Copying rule for the data below: pictures stay out, and only the lines from the one with "The Turning Point" down to the one with "小狐狸日瓷器精选小狐狸精选日瓷器", inclusive, are repeated exactly.
☆ ☆ ☆ ☆
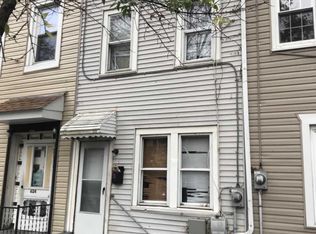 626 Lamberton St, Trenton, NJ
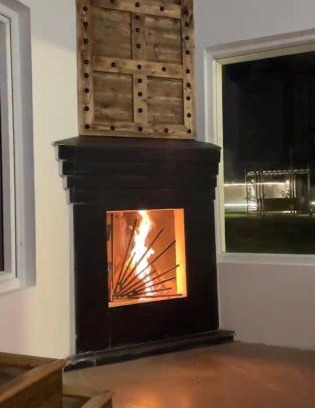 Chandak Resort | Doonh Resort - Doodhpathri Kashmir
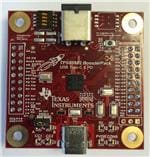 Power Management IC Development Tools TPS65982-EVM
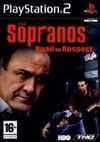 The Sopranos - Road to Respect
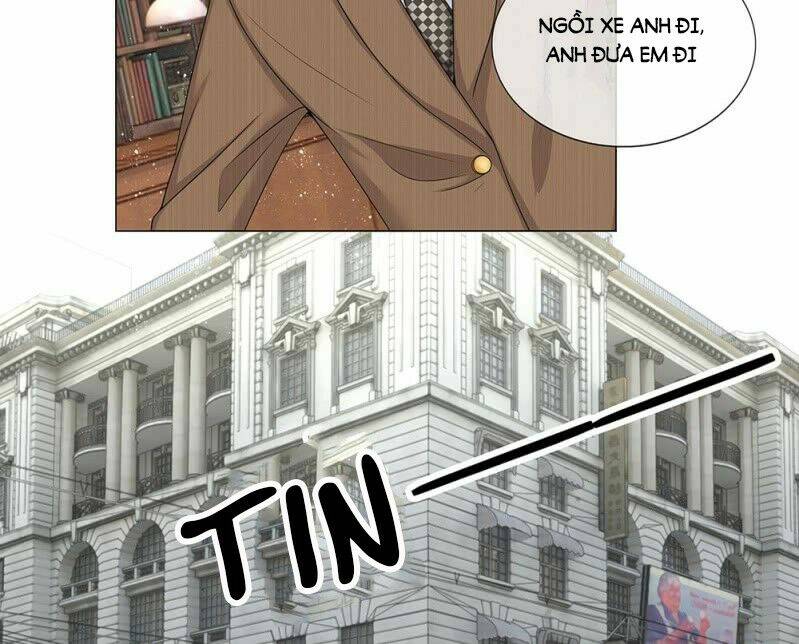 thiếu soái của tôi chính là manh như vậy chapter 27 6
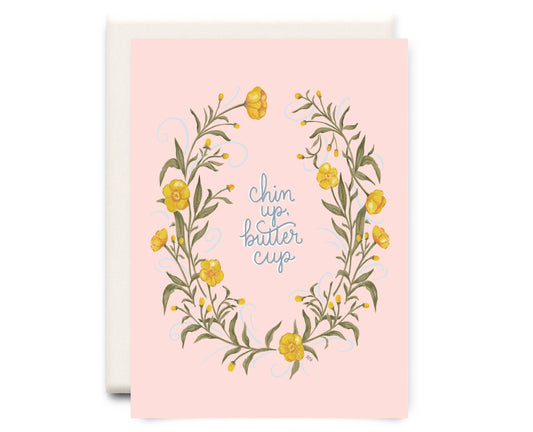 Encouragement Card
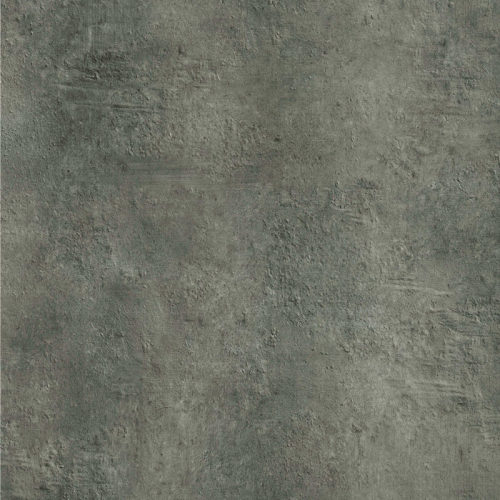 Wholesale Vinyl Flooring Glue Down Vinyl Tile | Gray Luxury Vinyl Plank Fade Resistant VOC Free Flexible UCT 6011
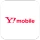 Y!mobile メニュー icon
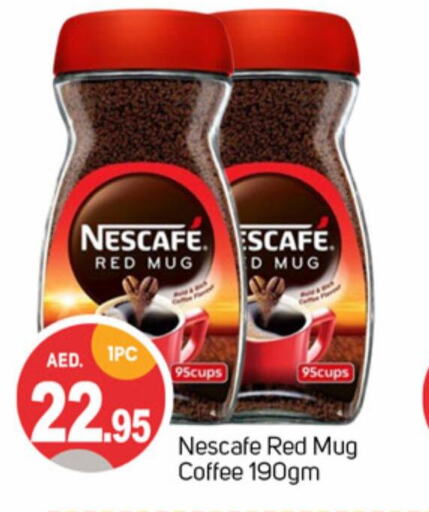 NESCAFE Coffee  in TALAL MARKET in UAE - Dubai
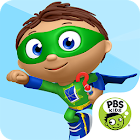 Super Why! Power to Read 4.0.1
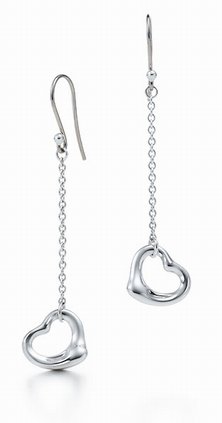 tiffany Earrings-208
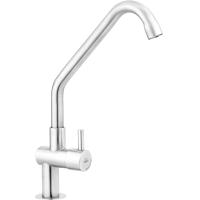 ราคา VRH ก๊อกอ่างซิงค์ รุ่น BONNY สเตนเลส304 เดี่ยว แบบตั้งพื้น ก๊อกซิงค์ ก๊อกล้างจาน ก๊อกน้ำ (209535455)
☆ ☆ ☆ ☆
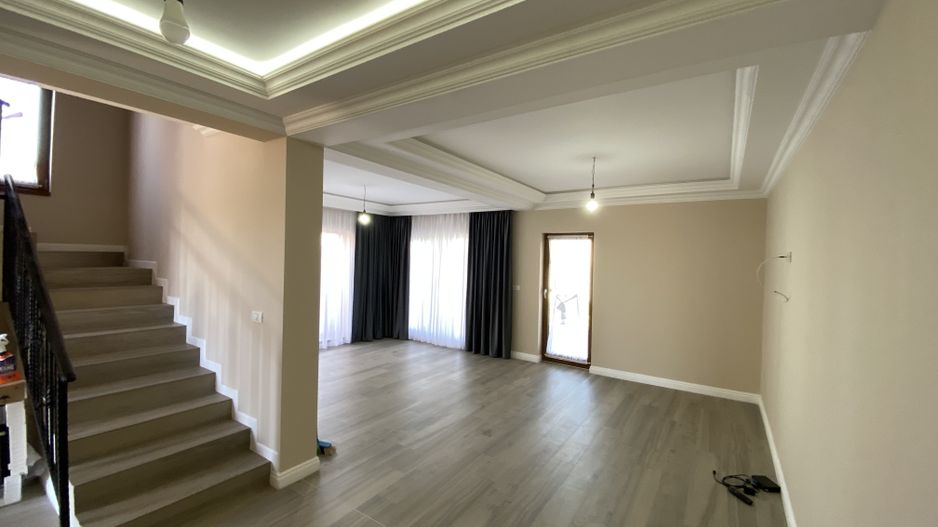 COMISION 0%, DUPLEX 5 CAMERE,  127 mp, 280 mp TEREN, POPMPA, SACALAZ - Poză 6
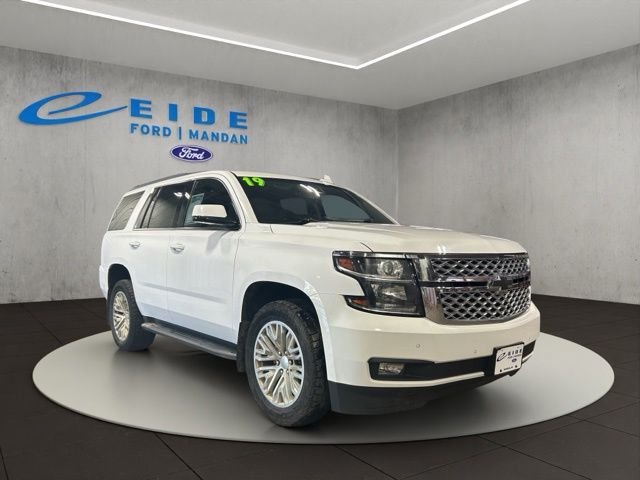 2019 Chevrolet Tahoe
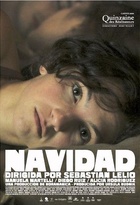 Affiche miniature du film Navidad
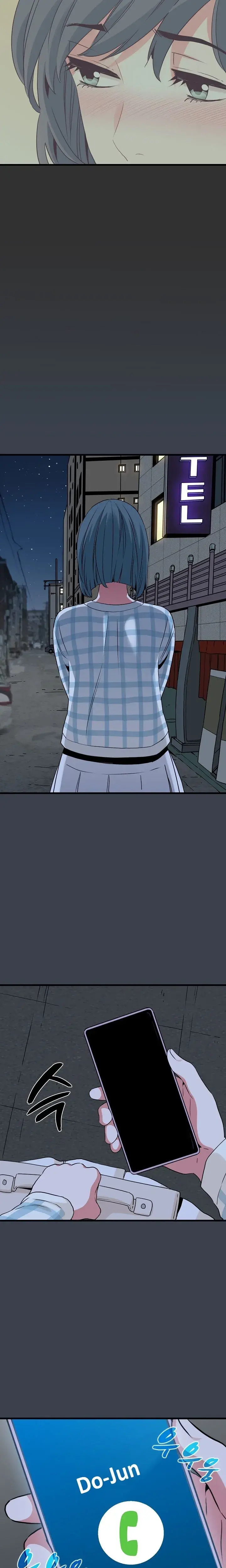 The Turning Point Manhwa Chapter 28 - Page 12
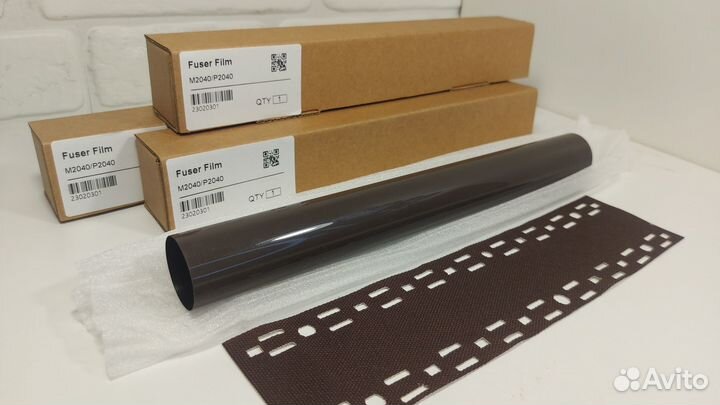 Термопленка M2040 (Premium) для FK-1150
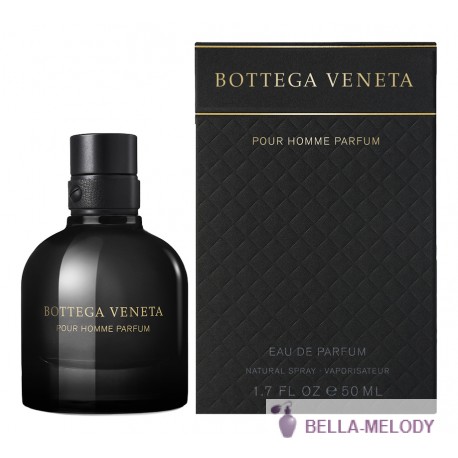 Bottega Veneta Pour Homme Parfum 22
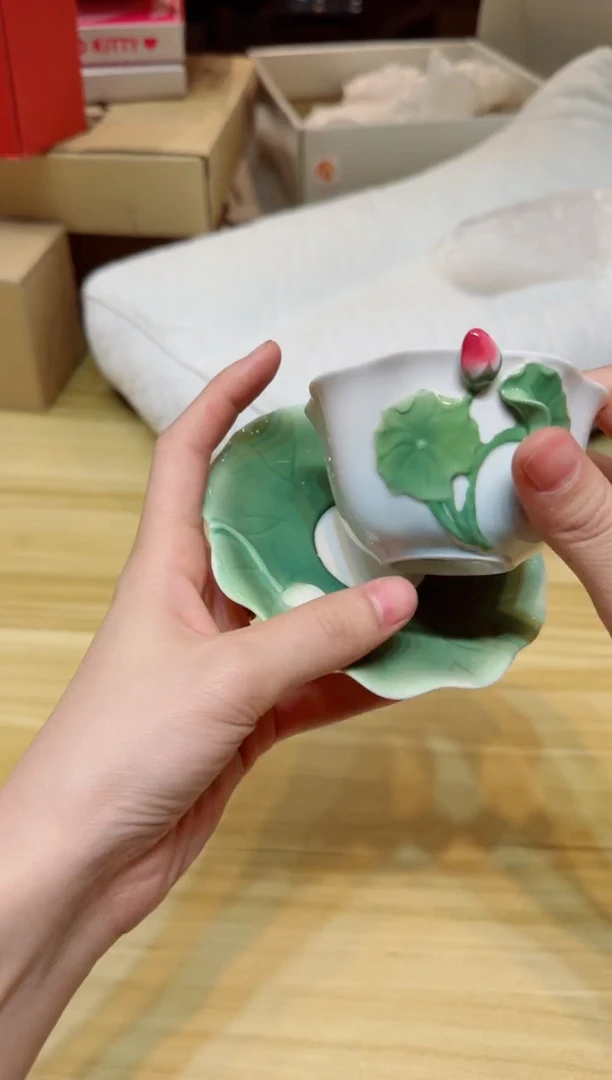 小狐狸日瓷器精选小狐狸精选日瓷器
☆ ☆ ☆ ☆
Output of the exercise:
 The Turning Point Manhwa Chapter 28 - Page 12
 Термопленка M2040 (Premium) для FK-1150
 Bottega Veneta Pour Homme Parfum 22
 小狐狸日瓷器精选小狐狸精选日瓷器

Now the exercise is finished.